Matthew Botvinick, DeepMind, London

Matthew Botvinick, M.D., Ph.D.
Director of Neuroscience Research, DeepMind, London, U.K.
Honorary Professor, Gatsby Computational Neuroscience Unit, University College London

"A Distributional Code for Value in Dopamine-Based Reinforcement Learning"
Tuesday, December 3, 2019 - 3:00pm to Wednesday, December 4, 2019 - 2:45pm
Princeton Neuroscience Institute A32
Other Seminars

Twenty years ago, a link was discovered between the neurotransmitter dopamine and the computational framework of reinforcement learning. Since then, it has become well established that dopamine release reflects a reward prediction error, a surprise signal that drives learning of reward predictions and shapes future behavior.

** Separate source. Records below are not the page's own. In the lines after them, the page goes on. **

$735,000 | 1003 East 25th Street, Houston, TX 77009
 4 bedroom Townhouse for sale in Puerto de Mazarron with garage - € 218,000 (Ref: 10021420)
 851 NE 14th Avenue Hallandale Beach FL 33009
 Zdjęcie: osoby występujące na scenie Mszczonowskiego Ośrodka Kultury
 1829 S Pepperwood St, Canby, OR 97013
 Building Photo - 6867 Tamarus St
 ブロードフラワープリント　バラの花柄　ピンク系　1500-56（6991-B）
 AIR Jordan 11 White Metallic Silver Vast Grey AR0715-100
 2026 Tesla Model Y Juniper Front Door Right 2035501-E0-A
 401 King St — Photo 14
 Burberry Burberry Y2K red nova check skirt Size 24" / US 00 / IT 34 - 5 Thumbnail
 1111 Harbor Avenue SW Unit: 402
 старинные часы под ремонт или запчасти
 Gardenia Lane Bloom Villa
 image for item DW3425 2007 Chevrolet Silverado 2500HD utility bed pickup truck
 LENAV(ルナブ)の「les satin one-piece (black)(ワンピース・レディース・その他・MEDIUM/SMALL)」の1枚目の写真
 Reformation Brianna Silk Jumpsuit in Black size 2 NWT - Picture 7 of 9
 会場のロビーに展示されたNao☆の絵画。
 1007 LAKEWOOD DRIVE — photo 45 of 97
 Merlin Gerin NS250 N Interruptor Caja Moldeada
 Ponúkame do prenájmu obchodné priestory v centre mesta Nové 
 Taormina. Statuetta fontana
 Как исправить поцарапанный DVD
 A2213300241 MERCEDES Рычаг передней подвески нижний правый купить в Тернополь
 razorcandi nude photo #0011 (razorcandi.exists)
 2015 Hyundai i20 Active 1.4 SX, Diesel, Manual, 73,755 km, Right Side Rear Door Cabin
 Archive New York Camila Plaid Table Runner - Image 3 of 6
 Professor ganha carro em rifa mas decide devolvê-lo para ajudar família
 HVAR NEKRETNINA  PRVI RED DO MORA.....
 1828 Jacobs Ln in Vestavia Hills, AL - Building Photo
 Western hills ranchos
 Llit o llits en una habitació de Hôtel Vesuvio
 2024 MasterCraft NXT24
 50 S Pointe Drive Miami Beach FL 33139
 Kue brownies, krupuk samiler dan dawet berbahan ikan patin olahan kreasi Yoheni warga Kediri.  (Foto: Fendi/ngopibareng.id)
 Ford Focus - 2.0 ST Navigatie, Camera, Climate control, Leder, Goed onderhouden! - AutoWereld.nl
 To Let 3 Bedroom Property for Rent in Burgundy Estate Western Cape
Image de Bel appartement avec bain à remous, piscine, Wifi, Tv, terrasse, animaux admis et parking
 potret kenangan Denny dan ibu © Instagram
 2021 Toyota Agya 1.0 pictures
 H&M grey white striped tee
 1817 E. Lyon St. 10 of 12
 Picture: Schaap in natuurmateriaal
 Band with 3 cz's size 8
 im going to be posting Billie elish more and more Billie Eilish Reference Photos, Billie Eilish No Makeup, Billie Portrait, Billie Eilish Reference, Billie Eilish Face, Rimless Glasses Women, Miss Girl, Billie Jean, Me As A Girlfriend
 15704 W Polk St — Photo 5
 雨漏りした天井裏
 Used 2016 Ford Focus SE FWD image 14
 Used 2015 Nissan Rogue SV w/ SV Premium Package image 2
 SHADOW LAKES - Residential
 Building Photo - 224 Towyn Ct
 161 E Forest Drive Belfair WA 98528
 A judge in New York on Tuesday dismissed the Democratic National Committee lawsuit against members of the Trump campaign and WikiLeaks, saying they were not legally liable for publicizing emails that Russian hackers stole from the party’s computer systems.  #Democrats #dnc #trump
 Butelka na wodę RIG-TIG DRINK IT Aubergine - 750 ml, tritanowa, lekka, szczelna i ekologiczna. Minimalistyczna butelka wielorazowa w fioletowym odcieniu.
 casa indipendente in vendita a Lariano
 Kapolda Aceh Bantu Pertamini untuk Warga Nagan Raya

According to the now canonical theory, reward predictions are represented as a single scalar quantity, which supports learning about the expectation, or mean, of stochastic outcomes. I'll present recent work in which we have proposed a novel account of dopamine-based reinforcement learning, and adduced experimental results which point to a significant modification of the standard reward prediction error theory. Inspired by recent artificial intelligence research on distributional reinforcement learning, we hypothesized that the brain represents possible future rewards not as a single mean, but instead as a probability distribution, effectively representing multiple future outcomes simultaneously and in parallel. This idea leads immediately to a set of empirical predictions, which we tested using single-unit recordings from mouse ventral tegmental area. Our findings provide strong evidence for a neural realization of distributional reinforcement learning.